Not necessarily. Automation may also just result in higher quality output because it eliminates mistakes (less the case with "AI" automation though) and frees up time for the humans to actually quality control. This might require the people on average to be more skilled though.

Even if it only results in higher output volume you often have the effect that demand grows also because the price goes down.

Animats 4 hours ago | parent [-]

There's a classic book on this, "Chapters on Machinery and Labor" (1926). [1]

They show three cases of what happened when a process was mechanized.

The "good case" was the Linotype. Typesetting became cheaper and the number of works printed went up, so printers did better.
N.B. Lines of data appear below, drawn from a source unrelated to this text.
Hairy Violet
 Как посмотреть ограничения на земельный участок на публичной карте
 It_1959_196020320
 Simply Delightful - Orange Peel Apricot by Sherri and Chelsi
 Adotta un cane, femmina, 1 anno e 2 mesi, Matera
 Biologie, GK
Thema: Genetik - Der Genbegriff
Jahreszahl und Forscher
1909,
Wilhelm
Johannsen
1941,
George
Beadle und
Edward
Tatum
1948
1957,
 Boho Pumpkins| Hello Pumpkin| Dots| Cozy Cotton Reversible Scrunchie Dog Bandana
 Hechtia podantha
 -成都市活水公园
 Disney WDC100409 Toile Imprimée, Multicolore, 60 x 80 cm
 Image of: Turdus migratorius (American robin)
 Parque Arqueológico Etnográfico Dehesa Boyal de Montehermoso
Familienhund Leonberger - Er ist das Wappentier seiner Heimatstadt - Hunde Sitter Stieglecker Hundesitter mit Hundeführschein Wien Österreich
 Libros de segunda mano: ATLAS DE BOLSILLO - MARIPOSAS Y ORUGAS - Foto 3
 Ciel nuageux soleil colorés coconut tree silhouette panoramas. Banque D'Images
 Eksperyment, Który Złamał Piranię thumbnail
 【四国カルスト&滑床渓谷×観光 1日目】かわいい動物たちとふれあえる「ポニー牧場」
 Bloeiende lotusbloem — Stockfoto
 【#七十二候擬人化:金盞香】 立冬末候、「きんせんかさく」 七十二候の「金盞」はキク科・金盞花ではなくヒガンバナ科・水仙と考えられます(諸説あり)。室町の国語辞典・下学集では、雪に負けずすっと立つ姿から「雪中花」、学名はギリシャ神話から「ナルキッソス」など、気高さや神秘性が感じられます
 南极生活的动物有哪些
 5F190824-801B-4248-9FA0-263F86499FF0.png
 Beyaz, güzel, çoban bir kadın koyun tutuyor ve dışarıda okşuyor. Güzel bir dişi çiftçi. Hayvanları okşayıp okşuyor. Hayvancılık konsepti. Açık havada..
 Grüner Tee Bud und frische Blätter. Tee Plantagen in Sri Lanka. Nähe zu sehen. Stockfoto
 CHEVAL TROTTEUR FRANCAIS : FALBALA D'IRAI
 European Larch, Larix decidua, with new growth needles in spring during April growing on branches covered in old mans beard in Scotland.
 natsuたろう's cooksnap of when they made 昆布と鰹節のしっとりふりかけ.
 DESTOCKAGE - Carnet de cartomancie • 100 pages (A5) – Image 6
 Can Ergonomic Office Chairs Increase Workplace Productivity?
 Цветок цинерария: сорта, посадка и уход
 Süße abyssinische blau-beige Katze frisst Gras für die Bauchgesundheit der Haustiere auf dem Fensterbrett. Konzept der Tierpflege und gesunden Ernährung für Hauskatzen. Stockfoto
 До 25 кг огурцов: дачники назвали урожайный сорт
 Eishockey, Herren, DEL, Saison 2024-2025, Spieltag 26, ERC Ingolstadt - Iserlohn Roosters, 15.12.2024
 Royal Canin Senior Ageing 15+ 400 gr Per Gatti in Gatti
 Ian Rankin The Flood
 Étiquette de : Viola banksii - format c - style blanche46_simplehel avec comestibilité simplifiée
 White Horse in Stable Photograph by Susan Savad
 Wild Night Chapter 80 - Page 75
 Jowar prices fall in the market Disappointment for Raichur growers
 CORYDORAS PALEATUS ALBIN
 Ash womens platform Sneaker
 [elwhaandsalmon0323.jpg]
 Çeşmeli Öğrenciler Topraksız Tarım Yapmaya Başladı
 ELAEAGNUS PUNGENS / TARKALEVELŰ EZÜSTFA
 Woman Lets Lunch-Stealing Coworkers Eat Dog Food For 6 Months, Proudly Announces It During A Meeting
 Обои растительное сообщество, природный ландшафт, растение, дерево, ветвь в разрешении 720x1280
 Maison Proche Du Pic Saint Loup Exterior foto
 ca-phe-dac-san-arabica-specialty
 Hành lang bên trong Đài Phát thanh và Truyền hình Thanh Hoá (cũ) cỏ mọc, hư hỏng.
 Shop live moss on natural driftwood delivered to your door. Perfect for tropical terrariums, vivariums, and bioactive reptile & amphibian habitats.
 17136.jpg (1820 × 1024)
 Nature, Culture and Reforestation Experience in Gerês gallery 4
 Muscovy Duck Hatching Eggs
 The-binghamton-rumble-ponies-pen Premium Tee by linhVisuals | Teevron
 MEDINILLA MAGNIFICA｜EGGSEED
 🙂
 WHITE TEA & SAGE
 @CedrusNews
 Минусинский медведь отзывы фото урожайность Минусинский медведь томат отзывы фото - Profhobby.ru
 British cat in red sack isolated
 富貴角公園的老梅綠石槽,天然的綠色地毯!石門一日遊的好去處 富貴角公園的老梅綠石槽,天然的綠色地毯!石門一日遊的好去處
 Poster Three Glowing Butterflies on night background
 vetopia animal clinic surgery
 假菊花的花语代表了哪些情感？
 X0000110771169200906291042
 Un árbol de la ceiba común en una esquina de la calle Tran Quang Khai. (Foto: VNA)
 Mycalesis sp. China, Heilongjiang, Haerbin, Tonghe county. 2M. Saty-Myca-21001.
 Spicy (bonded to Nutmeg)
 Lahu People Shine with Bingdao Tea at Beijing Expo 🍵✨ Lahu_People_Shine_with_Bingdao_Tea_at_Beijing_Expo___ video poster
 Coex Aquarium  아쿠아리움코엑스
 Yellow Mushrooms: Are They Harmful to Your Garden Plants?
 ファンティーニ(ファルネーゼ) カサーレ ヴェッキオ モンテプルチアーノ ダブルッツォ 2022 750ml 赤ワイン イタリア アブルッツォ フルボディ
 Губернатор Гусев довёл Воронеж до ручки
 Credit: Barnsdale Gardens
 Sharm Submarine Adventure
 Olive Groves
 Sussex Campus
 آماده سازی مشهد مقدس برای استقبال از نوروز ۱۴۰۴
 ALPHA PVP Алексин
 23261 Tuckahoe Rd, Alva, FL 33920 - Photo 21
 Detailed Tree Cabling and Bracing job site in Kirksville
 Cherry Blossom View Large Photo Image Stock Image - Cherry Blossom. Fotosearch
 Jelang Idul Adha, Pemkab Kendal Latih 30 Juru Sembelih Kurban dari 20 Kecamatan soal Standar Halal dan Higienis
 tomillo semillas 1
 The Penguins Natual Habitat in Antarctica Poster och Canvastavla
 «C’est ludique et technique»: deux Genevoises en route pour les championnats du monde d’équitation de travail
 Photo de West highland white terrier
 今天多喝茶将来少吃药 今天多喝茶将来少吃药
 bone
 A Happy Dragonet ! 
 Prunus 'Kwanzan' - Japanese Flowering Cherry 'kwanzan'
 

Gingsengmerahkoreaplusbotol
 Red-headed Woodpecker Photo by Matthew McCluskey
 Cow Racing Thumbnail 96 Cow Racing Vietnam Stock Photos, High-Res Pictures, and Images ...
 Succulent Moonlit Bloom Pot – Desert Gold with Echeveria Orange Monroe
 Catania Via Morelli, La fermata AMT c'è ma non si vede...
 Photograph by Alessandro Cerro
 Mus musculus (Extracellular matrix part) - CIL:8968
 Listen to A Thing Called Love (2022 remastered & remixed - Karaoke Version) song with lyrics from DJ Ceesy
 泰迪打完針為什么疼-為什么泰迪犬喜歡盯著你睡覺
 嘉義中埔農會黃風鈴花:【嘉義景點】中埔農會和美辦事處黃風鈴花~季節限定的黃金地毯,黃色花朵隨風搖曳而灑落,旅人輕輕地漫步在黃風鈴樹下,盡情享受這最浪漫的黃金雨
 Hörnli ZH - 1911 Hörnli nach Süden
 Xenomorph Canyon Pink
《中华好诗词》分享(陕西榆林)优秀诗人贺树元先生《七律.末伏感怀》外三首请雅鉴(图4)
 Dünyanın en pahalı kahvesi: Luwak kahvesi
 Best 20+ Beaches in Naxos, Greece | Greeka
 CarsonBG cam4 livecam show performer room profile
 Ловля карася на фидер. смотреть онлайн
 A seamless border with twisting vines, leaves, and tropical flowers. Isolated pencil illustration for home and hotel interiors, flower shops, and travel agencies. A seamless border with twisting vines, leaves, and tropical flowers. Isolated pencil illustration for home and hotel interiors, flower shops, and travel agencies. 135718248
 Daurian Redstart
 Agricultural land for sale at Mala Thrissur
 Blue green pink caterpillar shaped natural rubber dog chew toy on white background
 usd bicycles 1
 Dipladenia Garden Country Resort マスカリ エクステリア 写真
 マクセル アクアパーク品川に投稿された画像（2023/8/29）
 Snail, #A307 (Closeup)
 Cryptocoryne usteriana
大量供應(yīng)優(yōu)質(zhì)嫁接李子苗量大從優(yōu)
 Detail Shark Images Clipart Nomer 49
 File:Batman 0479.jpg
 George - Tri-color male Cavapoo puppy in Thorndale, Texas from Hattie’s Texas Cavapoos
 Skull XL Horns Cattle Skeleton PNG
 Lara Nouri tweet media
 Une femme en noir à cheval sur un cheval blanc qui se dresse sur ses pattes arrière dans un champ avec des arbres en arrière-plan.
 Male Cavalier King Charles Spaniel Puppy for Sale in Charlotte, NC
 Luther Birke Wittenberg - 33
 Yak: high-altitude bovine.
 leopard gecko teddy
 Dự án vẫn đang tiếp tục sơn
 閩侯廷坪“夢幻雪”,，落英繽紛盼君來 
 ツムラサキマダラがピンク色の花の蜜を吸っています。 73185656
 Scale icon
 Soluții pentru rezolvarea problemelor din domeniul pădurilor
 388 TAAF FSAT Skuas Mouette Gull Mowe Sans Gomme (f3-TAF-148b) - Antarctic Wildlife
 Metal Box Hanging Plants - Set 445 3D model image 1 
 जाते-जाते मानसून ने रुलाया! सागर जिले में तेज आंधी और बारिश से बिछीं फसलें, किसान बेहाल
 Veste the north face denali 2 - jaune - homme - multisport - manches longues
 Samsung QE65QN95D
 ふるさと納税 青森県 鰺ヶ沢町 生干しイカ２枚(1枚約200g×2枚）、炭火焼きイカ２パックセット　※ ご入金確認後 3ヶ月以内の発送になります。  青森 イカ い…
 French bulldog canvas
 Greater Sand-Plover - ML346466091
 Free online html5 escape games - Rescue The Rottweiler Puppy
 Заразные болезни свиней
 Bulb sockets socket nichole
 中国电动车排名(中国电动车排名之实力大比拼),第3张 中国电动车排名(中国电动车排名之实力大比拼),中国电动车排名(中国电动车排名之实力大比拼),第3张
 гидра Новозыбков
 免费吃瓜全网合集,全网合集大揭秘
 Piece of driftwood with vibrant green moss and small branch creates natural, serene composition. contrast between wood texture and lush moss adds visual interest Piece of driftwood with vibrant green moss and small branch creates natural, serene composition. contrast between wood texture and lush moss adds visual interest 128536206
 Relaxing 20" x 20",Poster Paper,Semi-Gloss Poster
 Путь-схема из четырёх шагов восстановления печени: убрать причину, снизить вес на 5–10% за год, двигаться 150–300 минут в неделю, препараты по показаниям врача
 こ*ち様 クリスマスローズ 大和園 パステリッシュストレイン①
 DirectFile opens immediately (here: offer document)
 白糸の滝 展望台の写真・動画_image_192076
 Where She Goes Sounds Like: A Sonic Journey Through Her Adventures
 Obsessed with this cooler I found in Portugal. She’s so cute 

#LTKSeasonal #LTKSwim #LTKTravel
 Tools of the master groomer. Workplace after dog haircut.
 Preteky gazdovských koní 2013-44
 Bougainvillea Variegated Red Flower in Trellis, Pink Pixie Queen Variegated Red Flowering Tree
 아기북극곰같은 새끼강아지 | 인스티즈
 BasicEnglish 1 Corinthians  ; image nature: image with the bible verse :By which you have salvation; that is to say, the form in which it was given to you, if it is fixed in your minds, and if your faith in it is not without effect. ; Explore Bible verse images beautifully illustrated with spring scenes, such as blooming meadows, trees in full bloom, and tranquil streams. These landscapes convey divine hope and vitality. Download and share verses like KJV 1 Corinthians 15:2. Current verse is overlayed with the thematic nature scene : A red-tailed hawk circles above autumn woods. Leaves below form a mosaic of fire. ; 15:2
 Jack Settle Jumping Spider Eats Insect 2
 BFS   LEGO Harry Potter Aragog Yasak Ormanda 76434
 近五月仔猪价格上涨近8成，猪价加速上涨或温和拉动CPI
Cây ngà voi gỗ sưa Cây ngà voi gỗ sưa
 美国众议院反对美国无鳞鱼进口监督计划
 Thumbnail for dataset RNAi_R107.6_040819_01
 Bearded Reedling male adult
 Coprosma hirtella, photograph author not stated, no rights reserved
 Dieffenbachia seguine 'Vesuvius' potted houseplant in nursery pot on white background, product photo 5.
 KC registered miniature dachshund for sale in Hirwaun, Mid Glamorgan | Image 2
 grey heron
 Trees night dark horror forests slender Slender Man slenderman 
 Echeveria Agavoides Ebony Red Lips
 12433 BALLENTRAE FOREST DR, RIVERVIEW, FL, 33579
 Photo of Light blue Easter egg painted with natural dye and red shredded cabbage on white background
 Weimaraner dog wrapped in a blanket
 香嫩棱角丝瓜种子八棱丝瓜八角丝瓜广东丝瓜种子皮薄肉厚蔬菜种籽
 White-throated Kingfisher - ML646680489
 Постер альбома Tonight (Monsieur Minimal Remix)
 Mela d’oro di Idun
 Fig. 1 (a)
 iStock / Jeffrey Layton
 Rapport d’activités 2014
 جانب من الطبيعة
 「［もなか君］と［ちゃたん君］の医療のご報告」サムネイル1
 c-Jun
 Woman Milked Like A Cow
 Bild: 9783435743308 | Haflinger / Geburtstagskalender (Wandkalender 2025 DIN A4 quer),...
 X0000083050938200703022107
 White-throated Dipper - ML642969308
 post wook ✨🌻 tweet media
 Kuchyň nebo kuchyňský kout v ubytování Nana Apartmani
The "medium case" was glassblowing of bottles. Bottle making was a skilled trade, with about five people working as a practiced team to make bottles. Once bottle-making was mechanized, there was no longer a need for such teams. But bottles became cheaper, so there were still a lot of bottlemakers. But they were lower paid, because tending a bottle-making machine is not a high skill job.

The "bad case" was the stone planer. The big application for planed stone was door and window lintels for brick buildings. This had been done by lots of big guys with hammers and chisels. Steam powered stone planers replaced them. Because lintels are a minor part of buildings, this didn't cause more buildings to be built, so employment in stone planing went way down.

Those are still the three basic cases. If the market size is limited by a non-price factor, higher productivity makes wages go down.